[Data records]
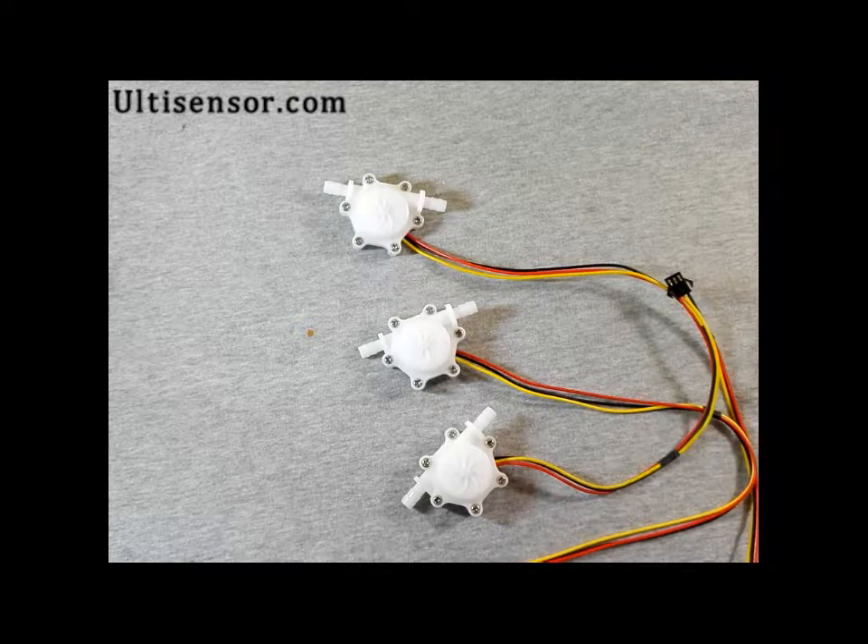Today we will have a simple introduction of the RT sensor whole flow sensor for slow flow rate.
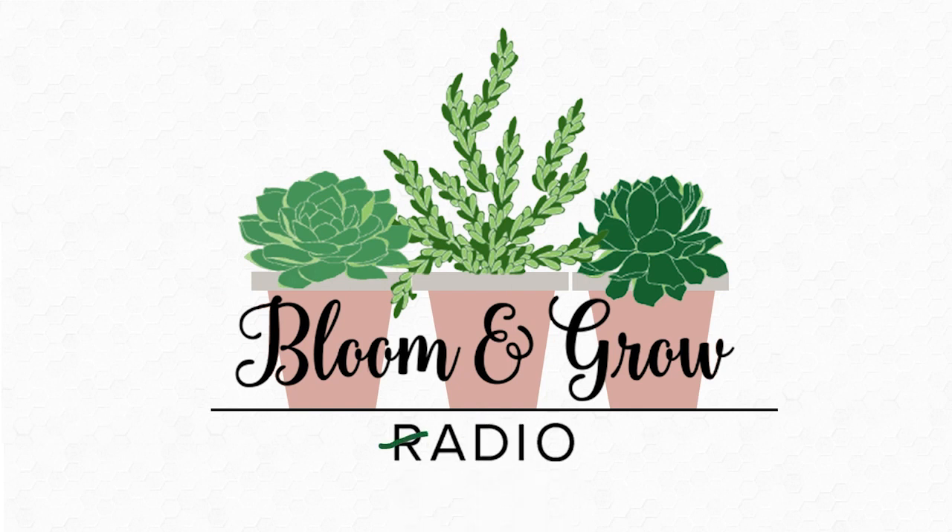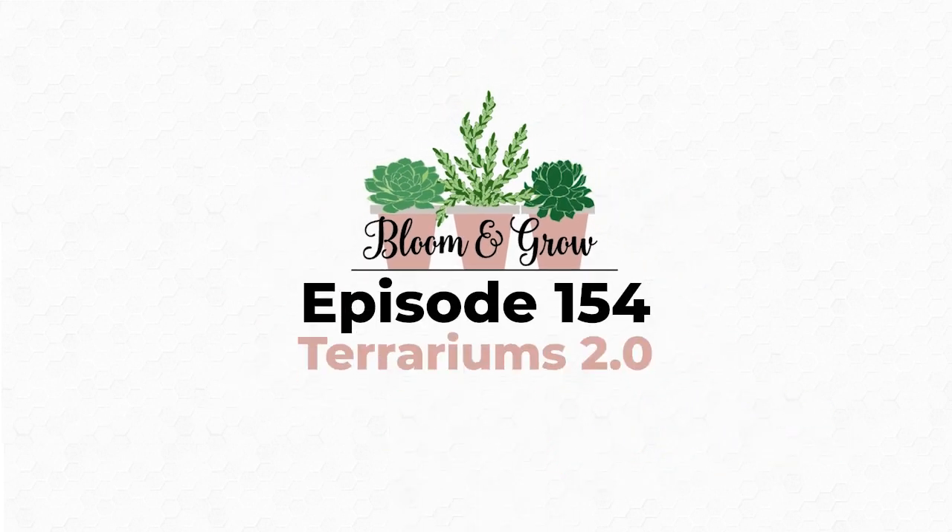Welcome to the Bloom and Grow YouTube show. Do you have any tips for planting up a terrarium? You've got your layers of horticultural charcoal, pebbles, soil, and then whatever plants — what's your strategy for planting up a terrarium?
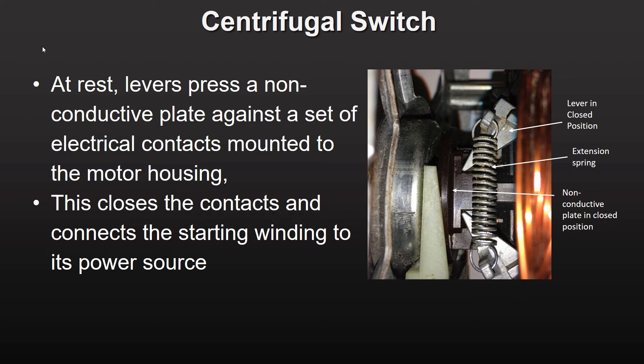Keeping the plate in the closed position allows a set of internal contacts to transmit power to the starting winding. As the motor accelerates, the centrifugal force on the levers acts to push the non-conductive plate to the right, relieving pressure on the contacts.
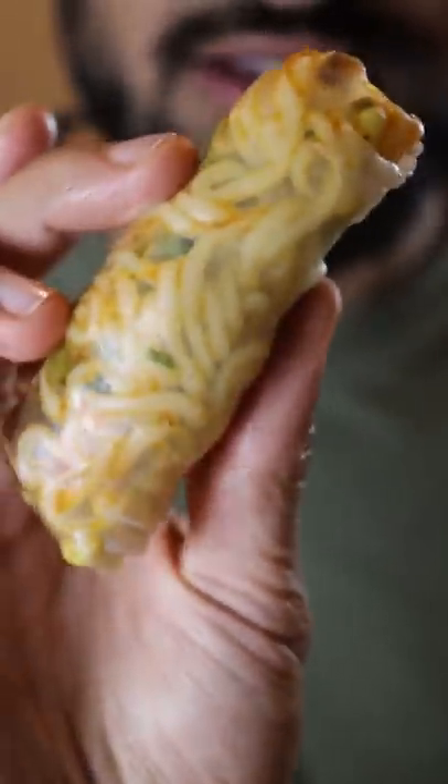Here's how you can make ramen steak spring rolls. This was my first time playing around with rice paper and I think this can be a cool way to use your leftovers.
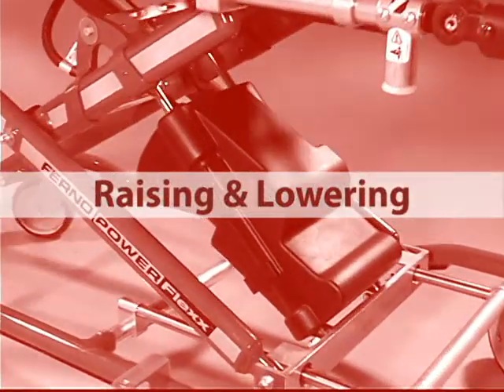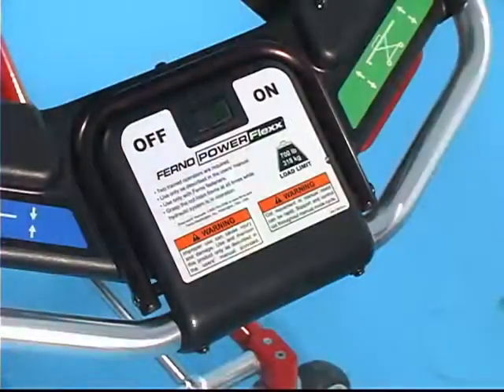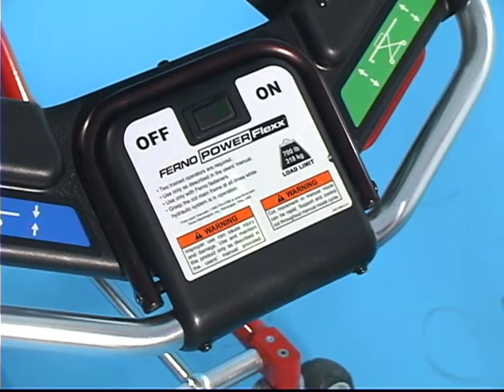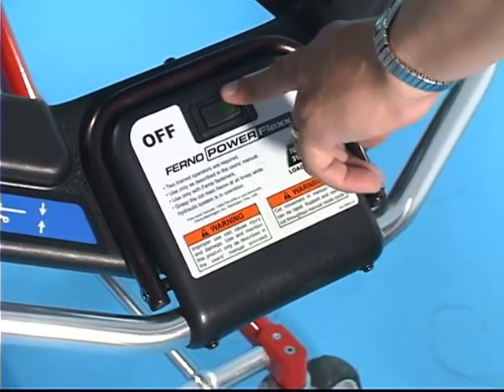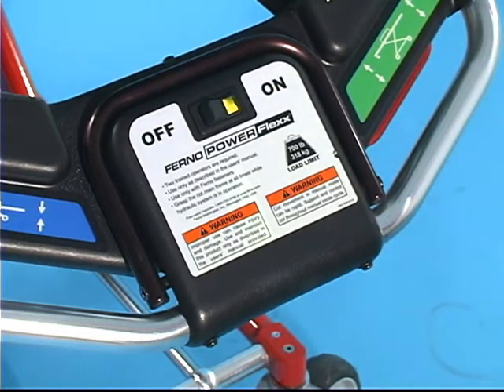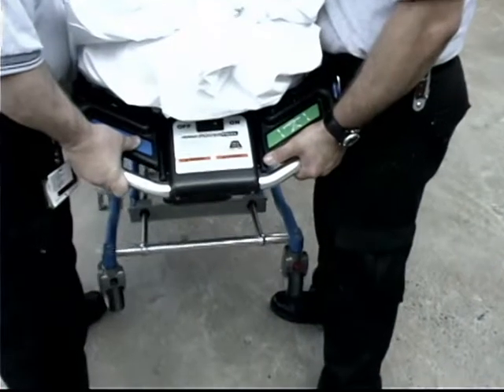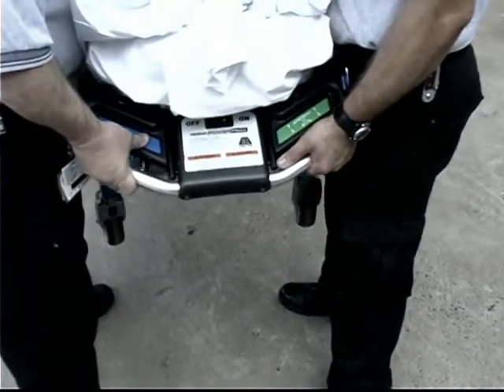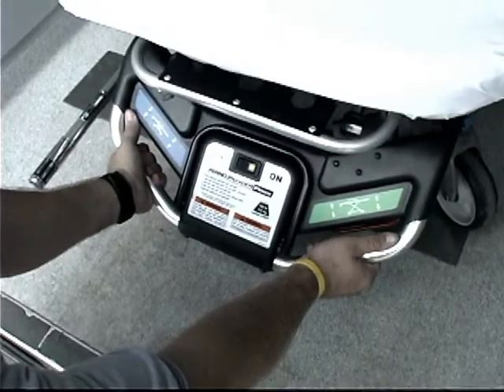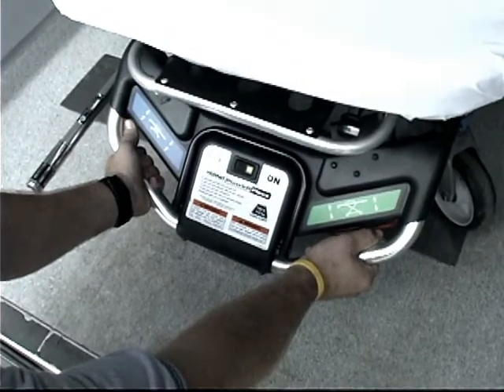Raising and lowering the cot. The main power switch for the PowerFlex is located at the center of the foot-end control panel. Turn the switch on to use the cot in its powered mode. A green light in the switch indicates the power is on. Large touchpads on the control panel operate the hydraulic power system. Grasp the main frame and position your hands so you can access the touchpads with your thumbs.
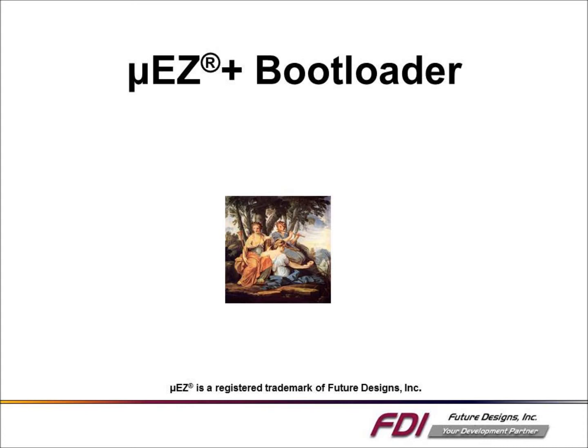Welcome to the introduction of FDI's new MusePlus bootloader. This video will give a brief introduction and show the bootloader in action.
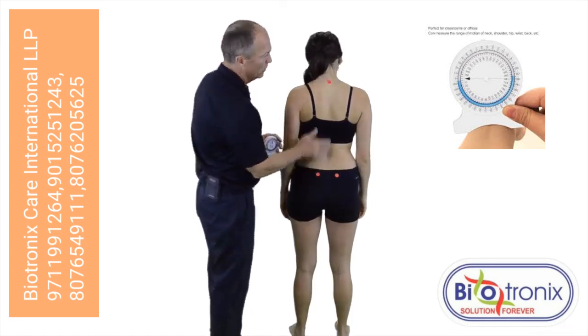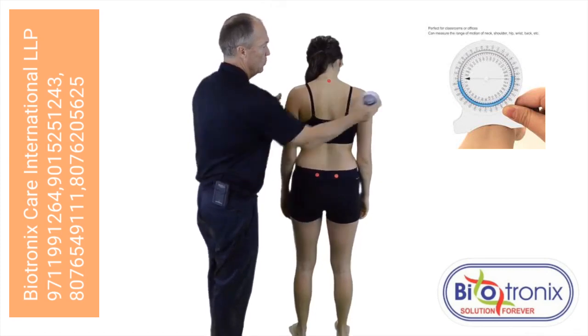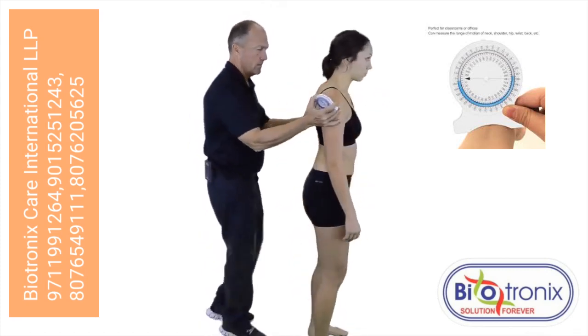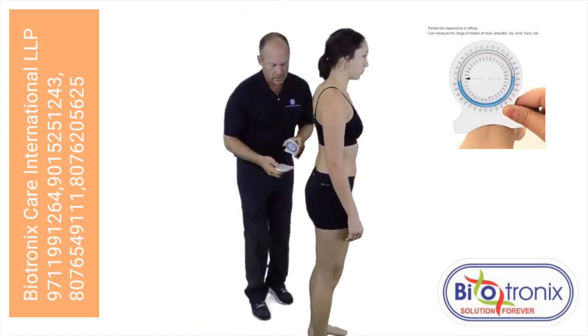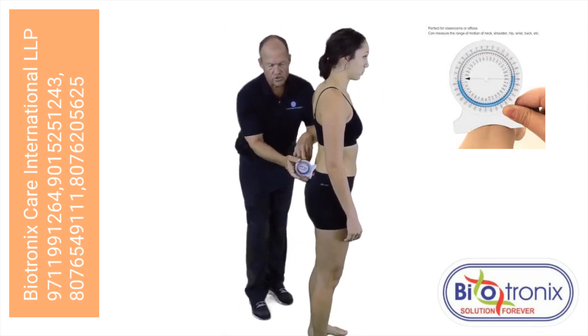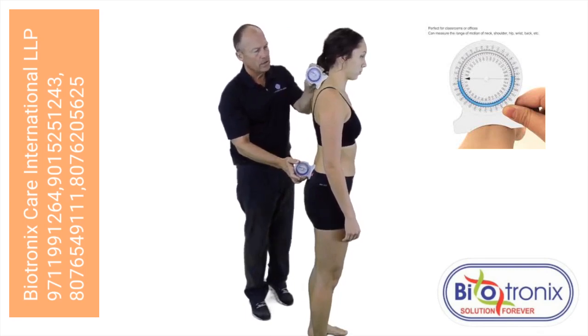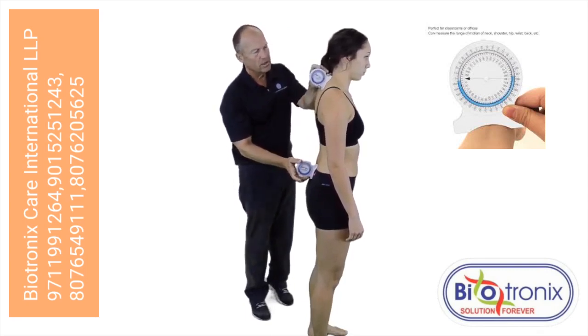Our second landmark will be over T1, and it would look like this. I would take the inclinometer identified over S2, zeroing out the inclinometer. I will take my second one and position it just above T1.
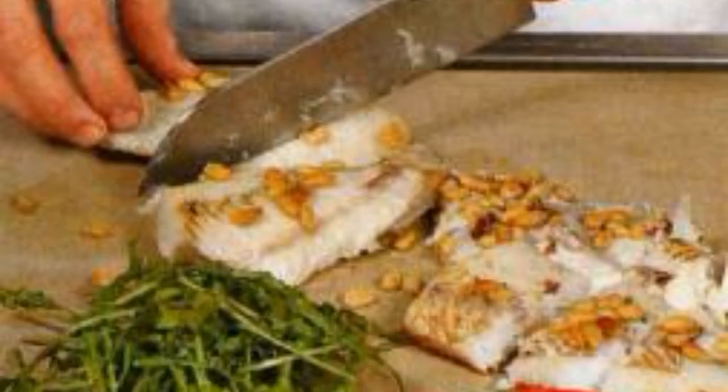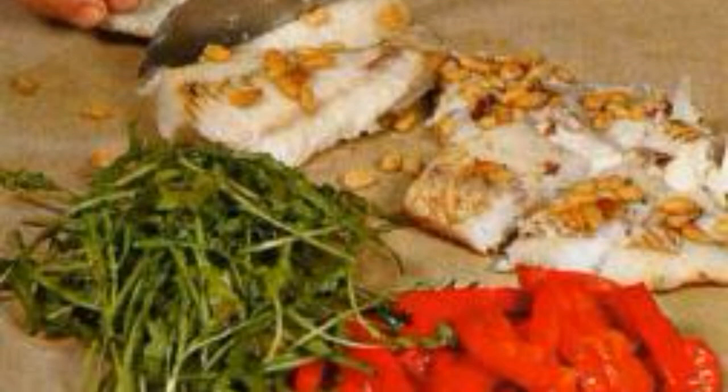Cut the peppers into strips and the fish into medium pieces. Wash the arugula and prepare serving plates. Place potatoes, pieces of pike perch, and pepper on top.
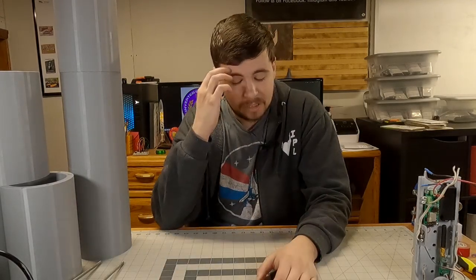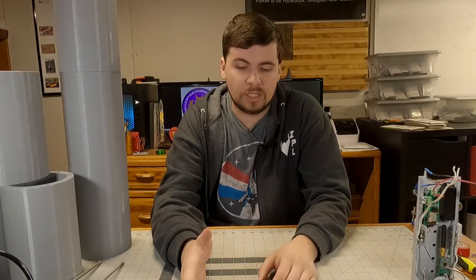Hey gang, welcome back to Inverted Pursuits Laboratory. So we're starting my L3. As you can see, I've got a bunch of the parts around me, but your L3 process actually has to start with you first finding two TAPs, especially within Tripoli, which is the organization I'm working with.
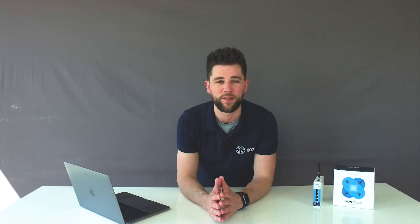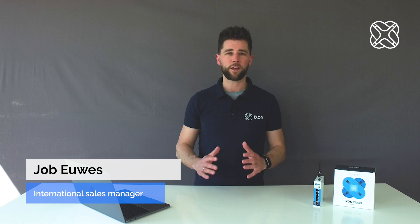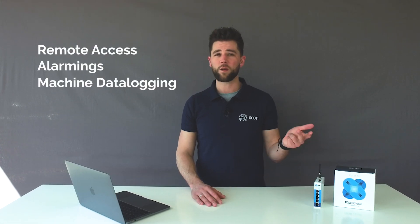Hi, my name is Job from Ixon and today I will show you how to connect your machine to your branded IoT portal with the Ixon Cloud. Experience the power of Ixon's all-in-one solution. Our connectivity options are fully integrated with the Ixon Cloud and enriched with features for remote access, alarming, machine data logging, and dashboards.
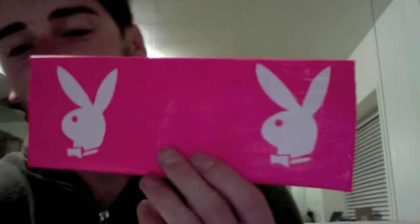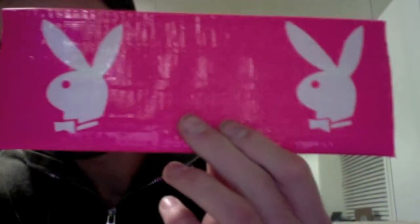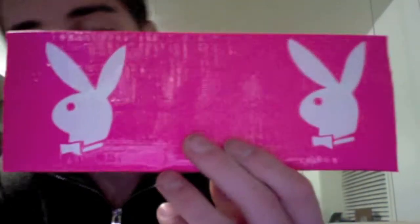Hey, what's up! I got another wallet — it is the Playboy Bunny. I decided to do it in pink and white, but I'll probably make a couple of versions of it.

Assignment:
Your reply should hold only the records, duplicated exactly, without any image.

Exercise output:
Today we will have a simple introduction of the RT sensor whole flow sensor for slow flow rate.
Welcome to the Bloom and Grow YouTube show. Do you have any tips for planting up a terrarium? You've got your layers of horticultural charcoal, pebbles, soil, and then whatever plants — what's your strategy for planting up a terrarium?
Keeping the plate in the closed position allows a set of internal contacts to transmit power to the starting winding. As the motor accelerates, the centrifugal force on the levers acts to push the non-conductive plate to the right, relieving pressure on the contacts.
Here's how you can make ramen steak spring rolls. This was my first time playing around with rice paper and I think this can be a cool way to use your leftovers.
Raising and lowering the cot. The main power switch for the PowerFlex is located at the center of the foot-end control panel. Turn the switch on to use the cot in its powered mode. A green light in the switch indicates the power is on. Large touchpads on the control panel operate the hydraulic power system. Grasp the main frame and position your hands so you can access the touchpads with your thumbs.
Welcome to the introduction of FDI's new MusePlus bootloader. This video will give a brief introduction and show the bootloader in action.
Our second landmark will be over T1, and it would look like this. I would take the inclinometer identified over S2, zeroing out the inclinometer. I will take my second one and position it just above T1.
Cut the peppers into strips and the fish into medium pieces. Wash the arugula and prepare serving plates. Place potatoes, pieces of pike perch, and pepper on top.
Hey gang, welcome back to Inverted Pursuits Laboratory. So we're starting my L3. As you can see, I've got a bunch of the parts around me, but your L3 process actually has to start with you first finding two TAPs, especially within Tripoli, which is the organization I'm working with.
Hi, my name is Job from Ixon and today I will show you how to connect your machine to your branded IoT portal with the Ixon Cloud. Experience the power of Ixon's all-in-one solution. Our connectivity options are fully integrated with the Ixon Cloud and enriched with features for remote access, alarming, machine data logging, and dashboards.
Hey, what's up! I got another wallet — it is the Playboy Bunny. I decided to do it in pink and white, but I'll probably make a couple of versions of it.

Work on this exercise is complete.